近隣「騒音トラブル」で転居を余儀なくされた… “引っ越し費用”騒音元の相手に請求はできる?【弁護士解説】
今月下旬、SNSで、自宅の庭でビニールプールで子どもを遊ばせていて、「近隣住民に警察に通報された」との投稿が炎上した。一方、”騒音被害”にあった女性が、その時の子どものはしゃぐ音声をXに投稿。怪鳥のようなはしゃぎ声に、多くの同情の声が集まったーー。 【図表】近隣トラブル相手との関係性の調査結果
近隣との「騒音トラブル」を解決するポイント
できるだけ円滑に近隣との騒音トラブルを解決するにはどんな対応をすればいいのか。逆にしてはいけないのはどんな対応なのか。多くの民事トラブルで実績のある、池辺瞬弁護士に聞いた。 ―― 近隣の騒音がうるさいと感じた場合、まずどんな行動をとるべきでしょうか。 池辺弁護士:近隣の方とコミュニケーションがしっかり取れていないのであれば、直接ご自身で近隣の方に苦情を言いに行くことは避けるべきと考えます。最近では、近隣の騒音問題で殺人事件に発展してしまうケースもあり、トラブルとなる可能性があります。お住まいがマンションの場合は管理会社に相談するなど、当該住居を管理する第三者に相談することをおすすめします。 ―― 第三者に相談するうえで、うまく伝えるポイントは何でしょうか。 池辺弁護士:後日トラブルになった場合でも、近隣の方の騒音が客観的にみてどの程度のものだったか確認してもらえるよう、可能であれば騒音計などによって騒音がどの程度のものだったか記録を残しておくことも大切です。 ―― やむを得ず直接注意する場合に注意すべきことはどんなことですか。 池辺弁護士:避けるべきではありますが、そもそも騒音の発生源が当該近隣の方でない可能性もあります。

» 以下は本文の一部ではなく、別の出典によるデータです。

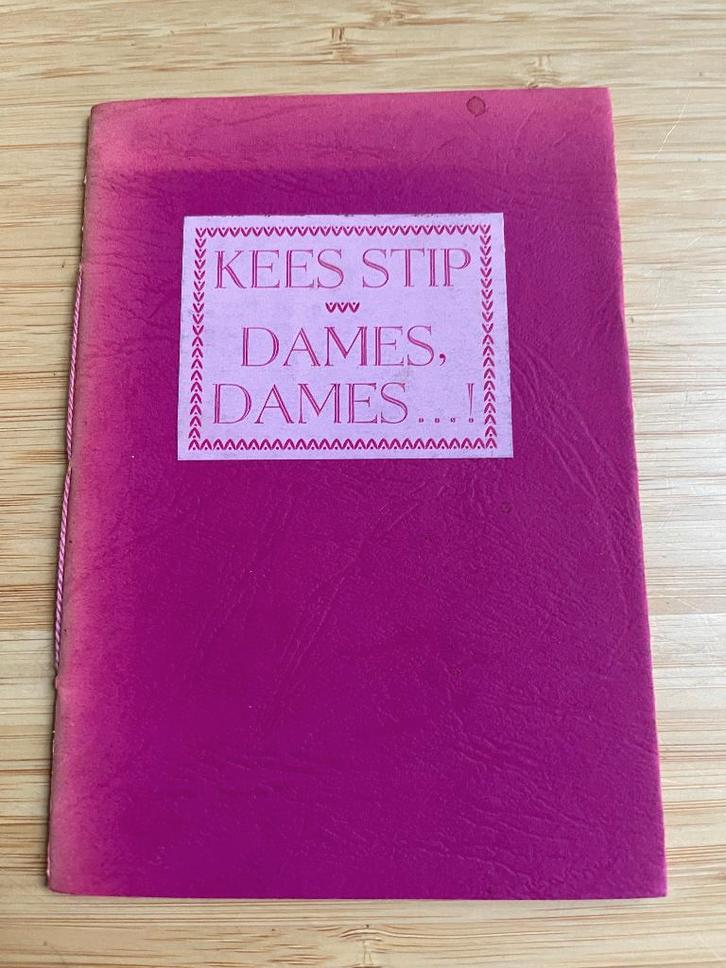 Dames, dames... tien limericks Kees Stip, Boeken, Gedichten en Poëzie, Gelezen, Eén auteur, Ophalen of Verzenden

ですから、自身はどのような時間帯にどのような騒音を聞いているのか伝えた上で、そのような騒音を発生させている可能性があるかどうか、事実確認を行うのがいいと思います。その結果、騒音の発生源が別の方と判明することもあるでしょう。 話した方が騒音の発生源の場合でも、ケンカ腰で話すのではなく、コミュニケーションをしっかりと取り、互いに今後も生活を続けていくことを前提に、お願いベースで具体的に改善してもらいたい事項を伝えるのが良いかと思います。 ―― 直接注意する際にやってはいけない行動はどんなことでしょうか。 池辺弁護士:「静かにしなければ殺す」など近隣の方に伝えて脅せば脅迫罪が成立し得ます。共用部分に「◯号室の居住者は何度も注意されていますが、それでも騒音を出し続けています」などの張り紙をすれば名誉毀損罪が成立する可能性があります。このように、犯罪行為になり得るような抗議は当然やってはいけません。